For me it was hugely significant that he was much concerned (as Skidelsky points out in the article) with probability, causality and uncertainty as the context of all social and historical action. In an immeasurably more modest fashion those were the very same themes that I was engaged with when coming to a settled understanding of the study of history, its nature, role and scope. I felt that what Keynes said about economic action was universally true of all sectors of human activity. Our historical stage is a very Keynesian stage. So, for me, it is only in this narrow sense of re-encountering a possibly very terrifying collapse of trust in the economic structures that it could be said that Keynes has again become relevant - he never stopped being relevant.

Wednesday, December 17, 2008

Like swimmers into cleanness leaping

I only too rarely read Finnish literature. I had my fill of the classics very early on and have barely kept abreast of the contemporary scene. Though those books that have made an impression have made a strong one. I’m now in the middle of Sofi Oksanen’s “Puhdistus”. Grim, grim text – the immediate context being the introduction of Stalinism into a civil society, the violence against women, the horrible scars that history leaves. Amazingly well written, such economical, beautiful language. While reading the first pages I was struck by the universal theme of loss of innocence that also began to emerge from the story.

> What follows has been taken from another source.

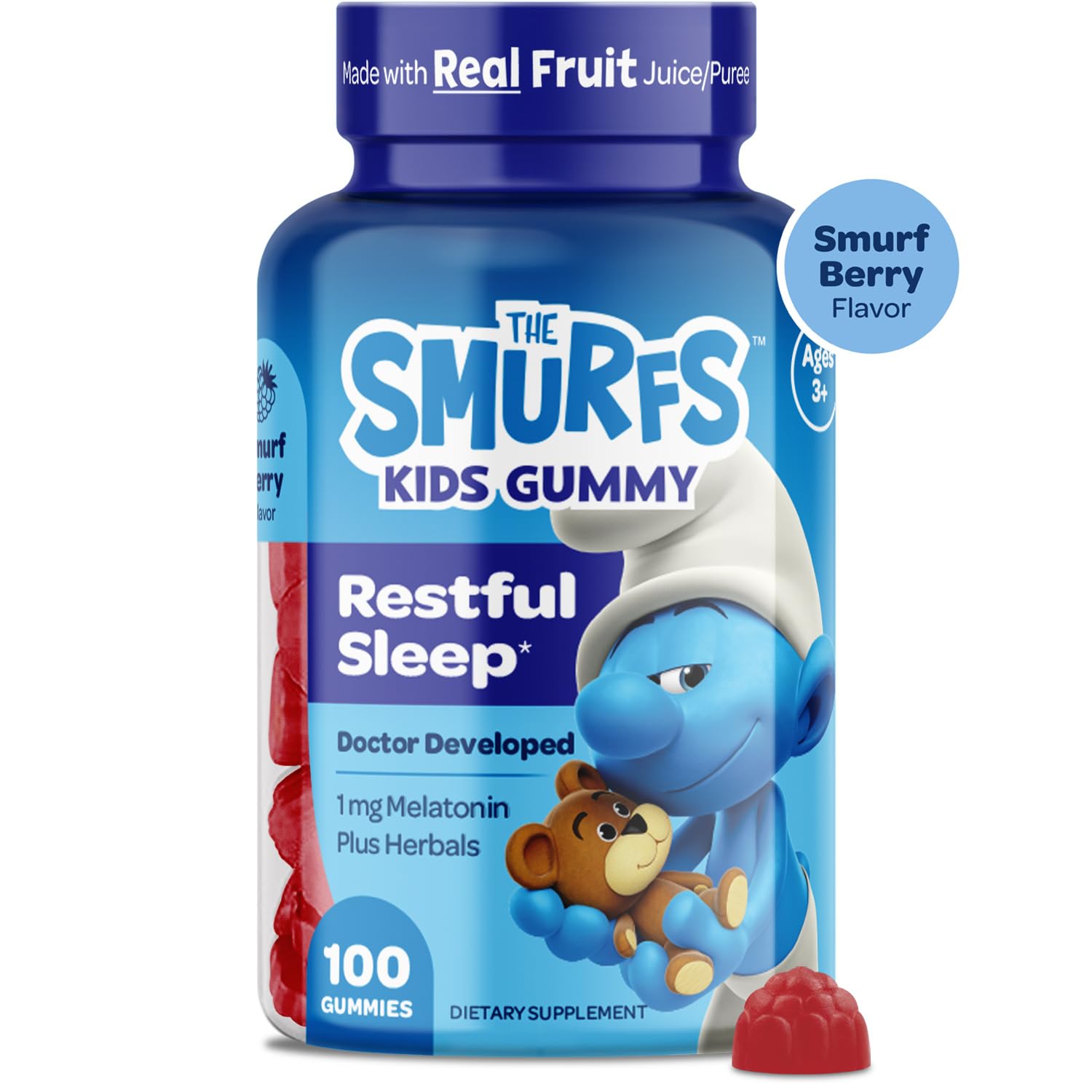 VITABURST Smurfs Gummies pack shot, highlights 100-count value for families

This is of course something that concerns all of us: we all are hardened, at least to a degree, we all get cynical, at least to a degree, we all get callous, at least to a degree. But beyond this ordinary coarsening in this fundamentally harsh world there are whole categories of experience that we modern Westerners have largely escaped, that we scarcely believe possible. This does not mean that we would be immune to them, or that we, or our descendants would have a guarantee of never encountering them. We have been lucky in the blind accident of our historical moment. That is all.

Friday, December 12, 2008

Well, nuncle, this plainly won't do

We would urgently need a coherent theoretical framework to replace the crude market faith that is currently becoming more and more obsolete. Well, actually intellectually it has always been obsolete, it was born obsolete, but immense concentrations of power will support and create belief structures around them. We can see this reflex in the immense cohorts of semi- or partially educated market enthusiasts on the Web. (Not to talk about the hate filled American right wing talk radio whose main role in the world is I guess to keep corporate interests safe, never mind the unborn fetuses or Darwin in the last analysis.) However wrong, power speaks loudly - and in the context of market economy, it is not even completely wrong. Strictly regulated markets do work (and are not too unstable to create overwhelming social backlashes). So, what is needed is a subtle, intellectually flexible approach - a sane middle way. Now should I hold my breath?